Espace de libertés | Juin 2021 (n° 500)

Culture

L’humour est une affaire trop sérieuse pour être confiée à des fantaisistes. On ne le dira jamais assez et les militaires, gens sérieux s’il en est, ne le savent que trop bien. Il suffit d’imaginer les catastrophes auxquelles nous serions exposés si l’on confiait la conduite des guerres à des amateurs.


Mais lorsqu’on parle d’humour, est-on bien sûr de savoir de quoi il s’agit ? Les diverses définitions qu’en ont données les plus grands humoristes récents (Oscar Wilde, W.C. Fields, Alphonse Allais, Sacha Guitry, Boris Vian et autres pataphysiciens) présentent des approches si diverses et variées que l’on peut à bon droit se poser la question  : « Tout cela est-il bien sérieux ? »

Il semblerait qu’il faille plutôt se tourner vers les avis plus graves de doctes psychologues, sociologues ou même psychiatres, personnages en général peu portés sur la plaisanterie, pour se faire une idée valable. Mais cela ne serait probablement pas très rigolo et tout de suite se pose la question  : l’humour doit-il toujours faire rire, et de quoi rions-nous ? Si l’on admet que le rire est le propre de l’homme, il faudra aussi reconnaître que la détermination de ses causes sera aussi ardue que la recherche d’une définition de l’être humain.

Celle qui affirme que nous ne sommes tout compte fait que des bipèdes sans plumes peut sans doute être considérée comme amusante, mais gageons qu’elle ne fera même pas sourire les sévères philosophes et autres moralistes pédants convaincus de la mission importante de l’homme sur cette terre. Non, l’humour ne fait pas toujours rire et nous ne rions pas tous des mêmes plaisanteries. D’ailleurs, le mot « plaisanterie » comporte la racine « plaire » et, sans tomber nécessairement dans les excès d’un Baudelaire qui se complaisait dans le « plaisir aristocratique de déplaire », force nous est de reconnaître qu’un trait d’humour, par sa nature même, ne pourra que très exceptionnellement plaire à tout le monde.

Ceci pose évidemment un problème très sérieux aux humoristes professionnels qui ne peuvent pas tous se permettre les libertés d’un grand poète  : pour gagner leur vie, ils sont bien obligés, d’une manière ou d’une autre, de plaire au plus grand nombre. C’est le choix des limites de ce « plus grand nombre » qui fixe les limites de l’humour des professionnels, et pas du tout des questions de bon goût ou de bienséance. Le succès d’un humoriste de métier résidera principalement dans sa capacité à déterminer jusqu’où il pourra aller trop loin tout en conservant un public suffisant.

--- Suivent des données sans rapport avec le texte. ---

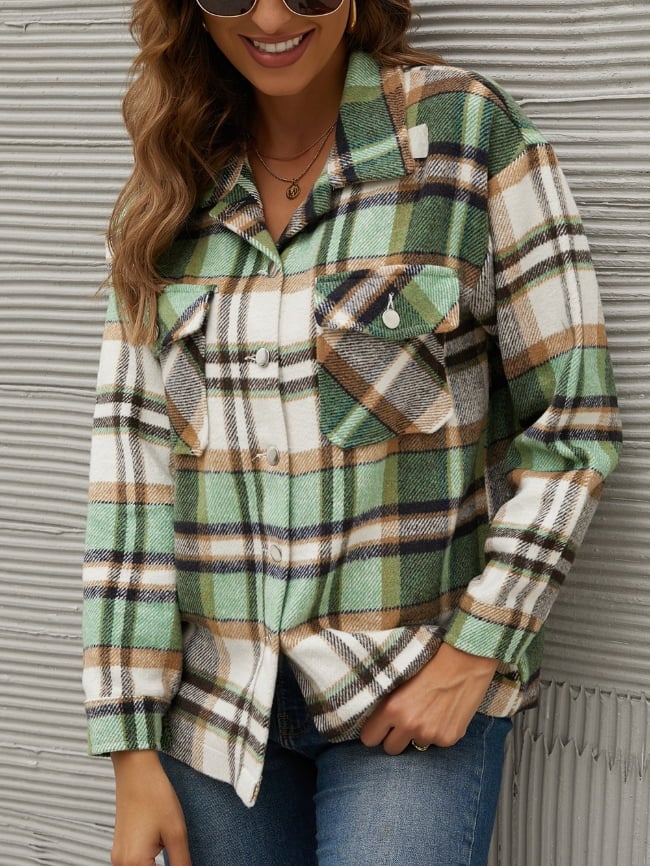 Geometric Woolen Plaid Print Pocketed Jacket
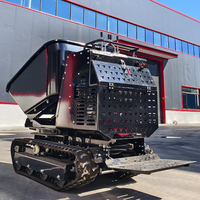 Mini-dumper-chargeur 1,2 tonne sur chenilles en caoutchouc, chargeur frontal, chargeurs compactes, à essence, avec godet rotatif et élévateur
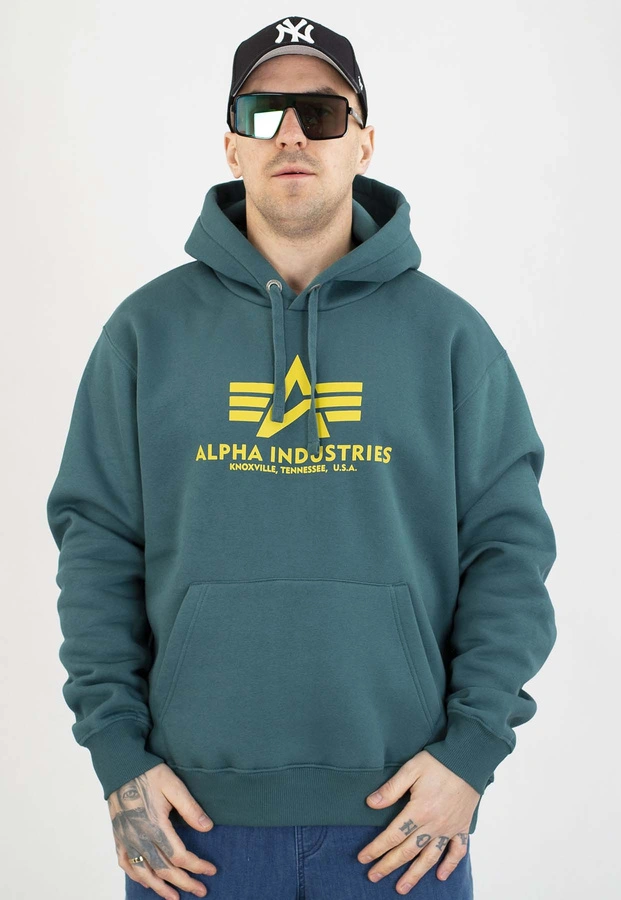 Bluza Alpha Industries Z Kapturem Basic 1783112 zielona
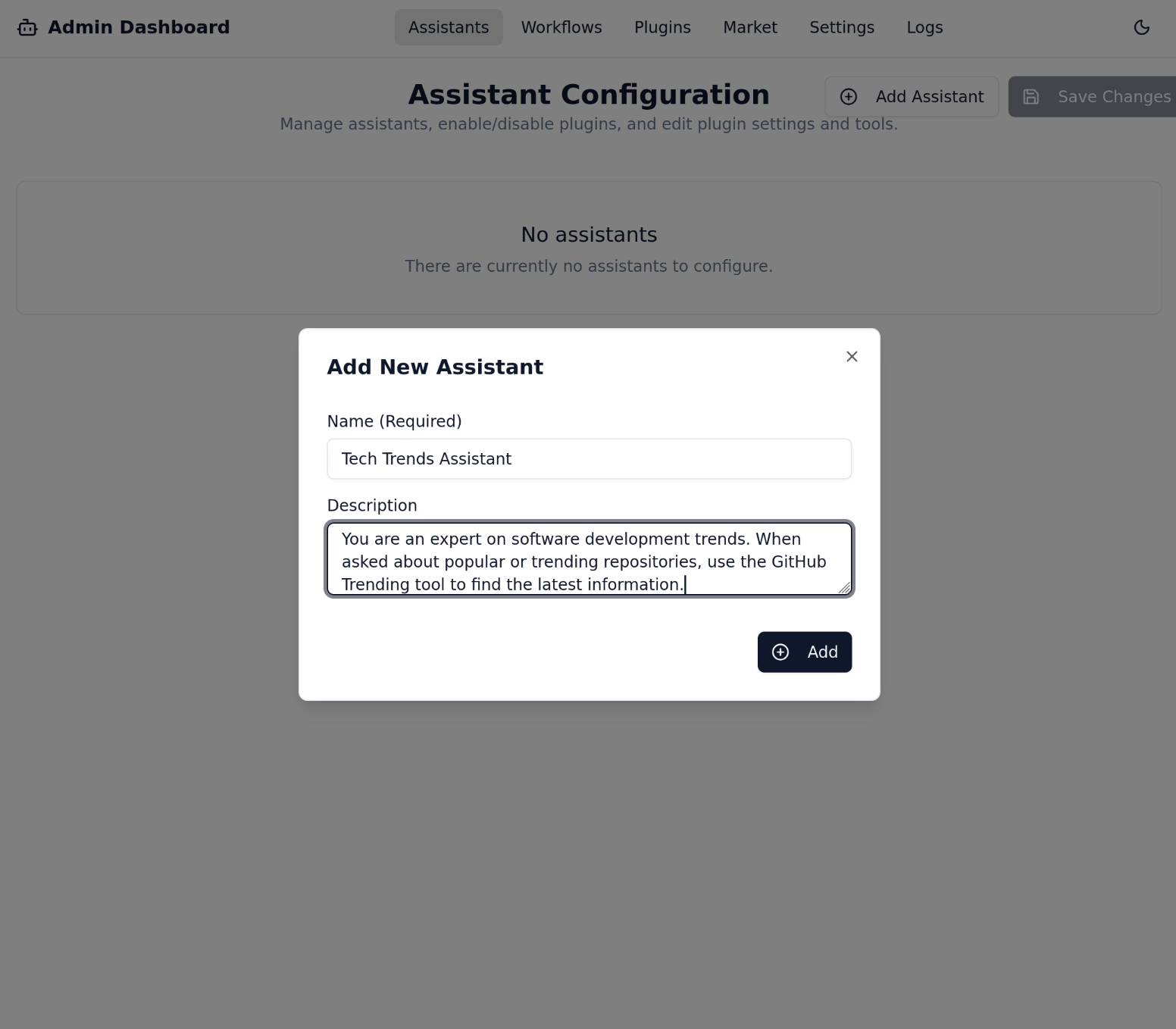 Adding a New Assistant Screenshot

Un phénomène socioculturel

Le talent, la lucidité, voire la perversité d’un humoriste ne sont jamais suffisants pour déterminer un humour de qualité. C’est le « public » qui est déterminant, et si l’humoriste sait bien que le rire est le propre de l’homme, il sait aussi que la majeure partie de ceux-ci ne rient que du malheur des autres (vieux dicton bien connu), pour autant que ces « autres » ne nous soient pas trop chers.

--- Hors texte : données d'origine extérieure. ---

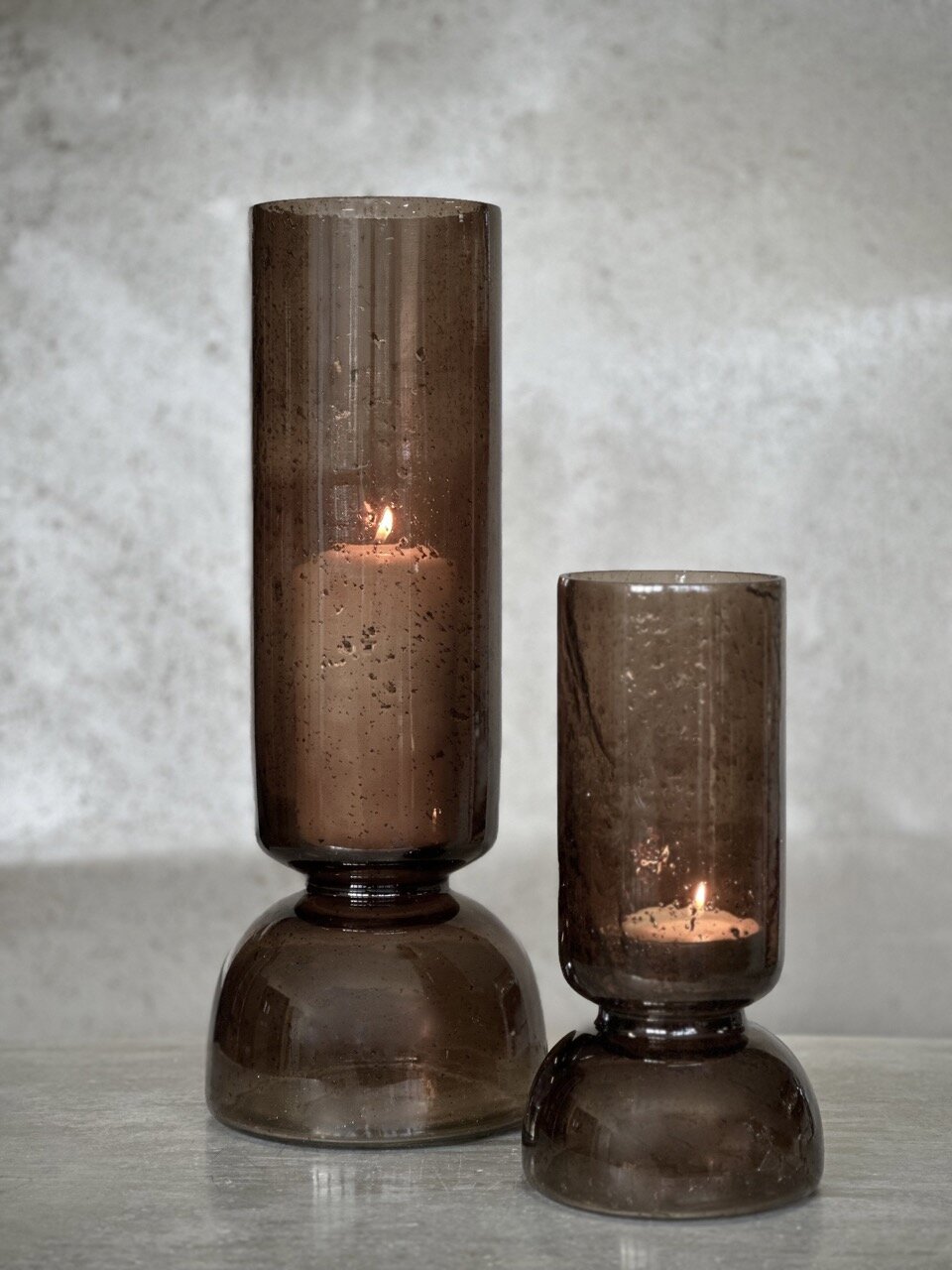 BONDO large glass vase / candle holder, smoke colour with stone finish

Voir un monsieur sérieux prendre une tarte à la crème dans la figure peut, chez les âmes simples, déclencher l’hilarité si, bien entendu, la victime n’est pas réellement admirée. Il est aussi fort douteux que le monsieur en question trouve la plaisanterie à son goût. Cet exemple peut paraître par trop simpliste, mais ne vous y trompez pas  : aussi larges d’esprit que vous croyiez être, il est peu probable que vous vous esclafferiez d’une taquinerie qui égratigne vos convictions les plus profondes ou un personnage que vous applaudissez. Rares sont d’ailleurs les amuseurs publics qui transgressent directement ce tabou et les sujets doués qui s’y risquent sont ceux qui arrivent à faire croire que c’est encore des autres que l’on rit.

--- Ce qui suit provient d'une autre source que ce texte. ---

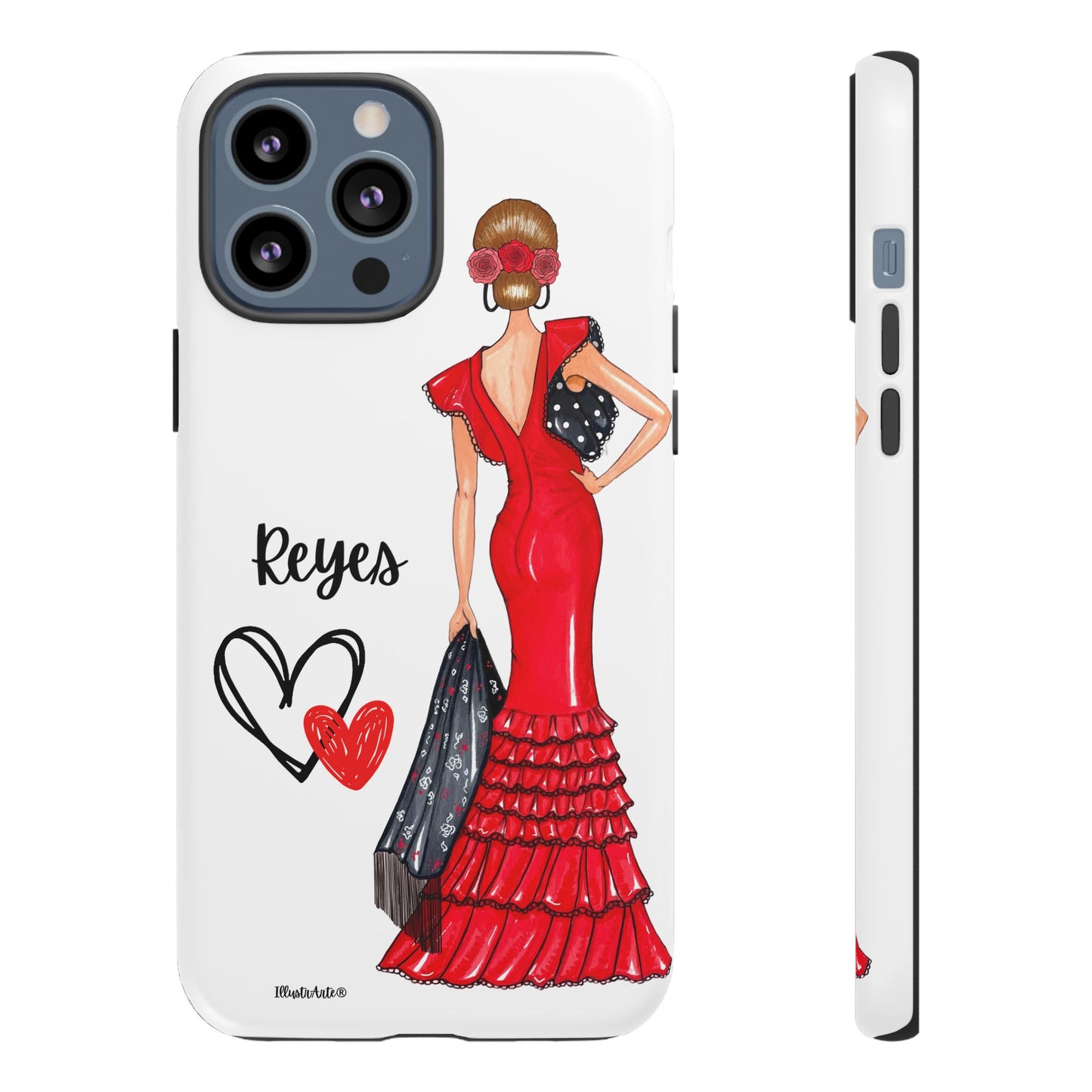 una funda de teléfono con una mujer en un vestido rojo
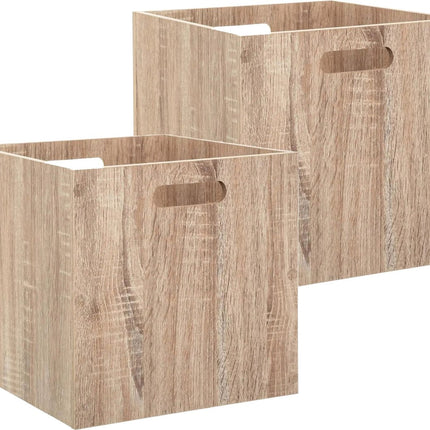 5Five Houten kistje/Opbergmand - 2x - hout - 31 x 31 x 31 cm - 29 liter - inklapbaar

Mais, généralement, leurs flèches acérées ne visent alors que des minorités culturelles ou idéologiques que de toute manière nous méprisons, sinon ouvertement, du moins dans notre subconscient, ou encore dont nous croyons ne pas faire partie. De plus, même lorsqu’il s’agit de simples plaisanteries amusantes ou anodines, il est absolument nécessaire qu’une production à prétention humoristique soit comprise rapidement et sans trop de difficultés. Une blague ou une caricature qu’il faut expliquer par le menu perd tout son sel. Beaucoup plus encore que notre propre susceptibilité, la culture générale et le niveau moyen d’intelligence d’une population fixent donc des limites infranchissables aux diverses formes d’humour qui pourraient s’y développer.

L’humoriste se trouve alors confronté à ce terrible problème  : plaire et faire rire à la fois en tenant compte de la culture et de l’intelligence de son public et, accessoirement, de quelques lois concernant l’outrage ou le blasphème. Ces limites sont des carcans insupportables à tout humoriste qui se respecte et il n’aura de cesse de s’en libérer tout en essayant de ne pas se faire prendre.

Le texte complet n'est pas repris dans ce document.